Kasus serupa berulang esok harinya. Kapal berbendera Hong Kong berangkat dari Pelabuhan Teluk Bayur menuju China. Kapal itu memuat 32.000 metrik ton bijih besi. Meski dokumen keberangkatan sudah lengkap, petugas Kamla TNI AL bersikeras untuk memeriksa kapal. Akibatnya pemberangkatan kapal tertunda sekitar 15 jam. Sampai sekarang tak pernah terungkap apa yang terjadi di atas kapalkapal tersebut. Kita tentu hanya bisa menduga-duga.

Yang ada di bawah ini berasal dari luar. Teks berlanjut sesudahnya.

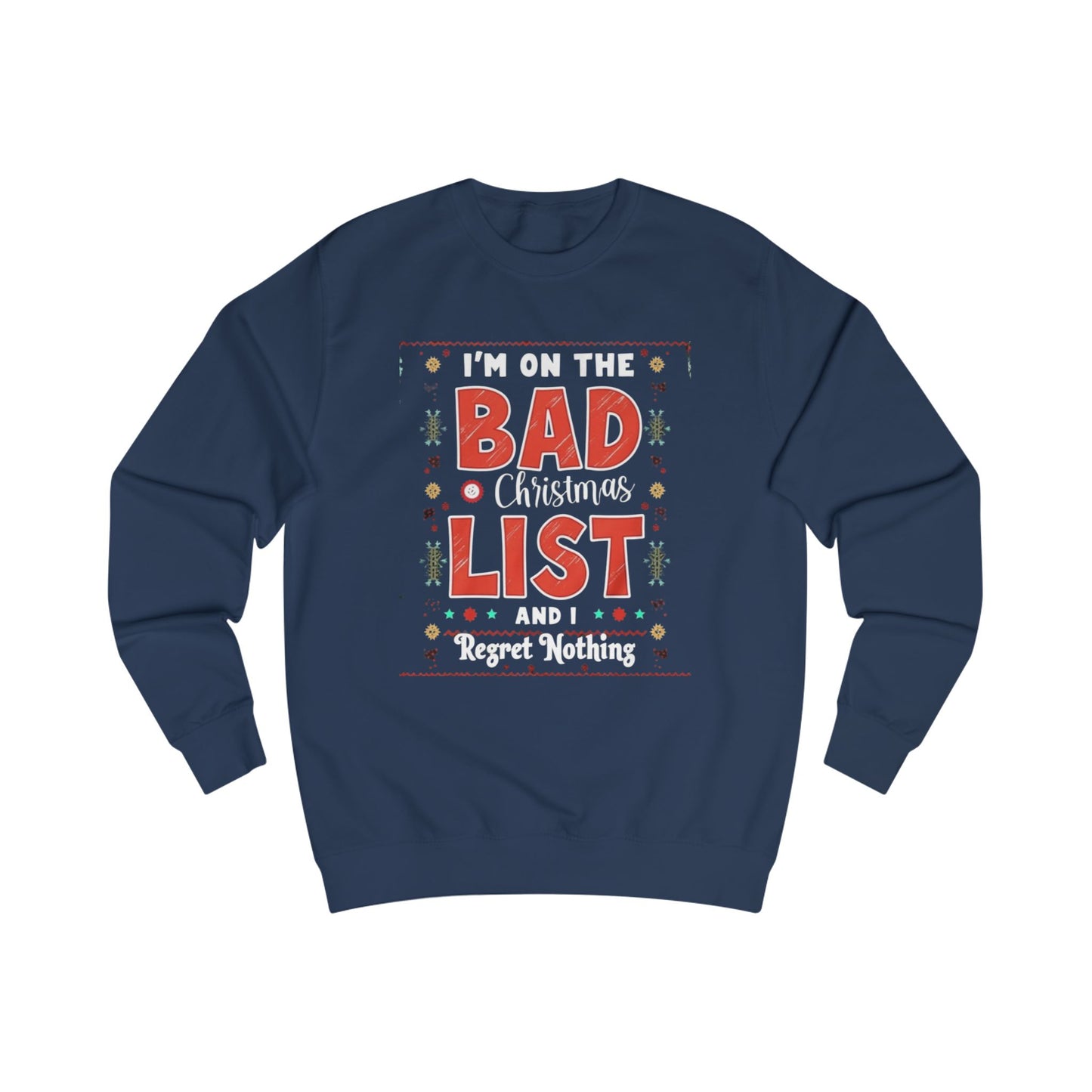 Bad Christmas List Sweatshirt - "I’m On The Bad Christmas List And I Regret Nothing" Holiday Sweater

Sebagai orang kampus dan praktisi bisnis, saya pasti menunggu jawaban dan jalan keluarnya. Mahasiswa saya selalu menanyakan, kapan negeri ini menjadi lebih baik? Mereka juga gemes, tangannya gatal untuk melakukan perubahan. Apa pun, kasus itu menjadi potret dari buruknya koordinasi antarinstansi di pelabuhan-pelabuhan kita. Pemicunya boleh jadi karena banyaknya instansi yang merasa punya hak dan bertanggung jawab untuk ikut mengurus pelabuhan di Indonesia.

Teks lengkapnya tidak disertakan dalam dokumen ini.